■ **REQUIREMENT**
For the records below, copy exactly the span that begins at the line containing "2010 Mack CXU613" and stops after the line containing "Sweet sexy teen", minus any pictures.

■ **MATERIAL PROVIDED**
= Beginning of Section =
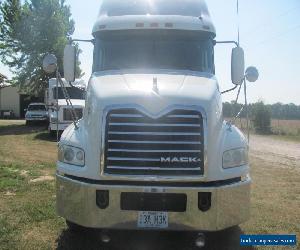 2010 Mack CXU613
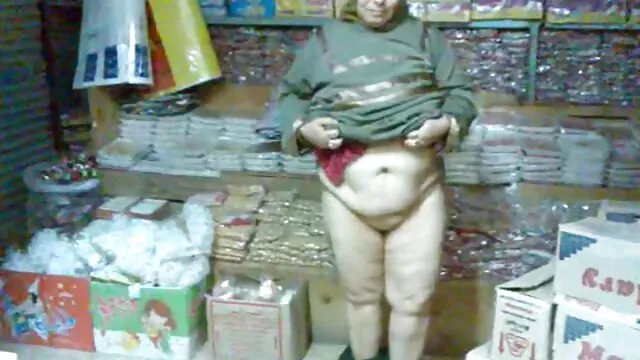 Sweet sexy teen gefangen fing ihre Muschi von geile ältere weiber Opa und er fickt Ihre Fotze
= End of Section =
= Beginning of Section =
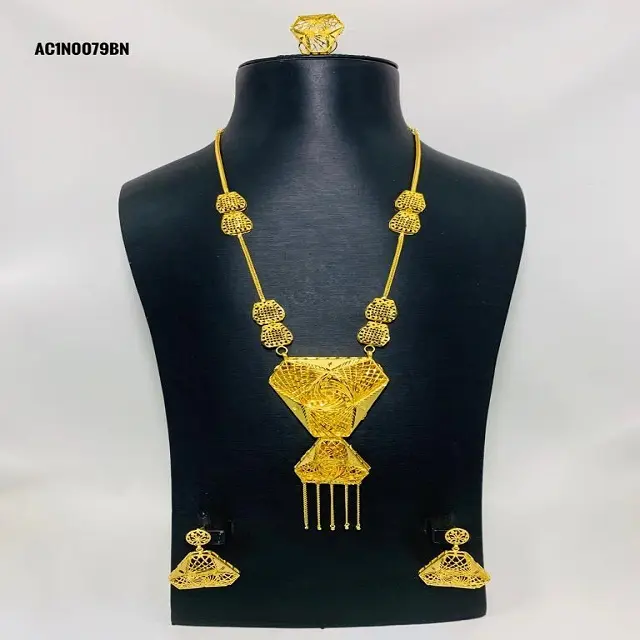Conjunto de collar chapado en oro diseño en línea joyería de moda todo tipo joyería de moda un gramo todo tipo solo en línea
= End of Section =
■ **EXERCISE RESULT**
 2010 Mack CXU613
 Sweet sexy teen gefangen fing ihre Muschi von geile ältere weiber Opa und er fickt Ihre Fotze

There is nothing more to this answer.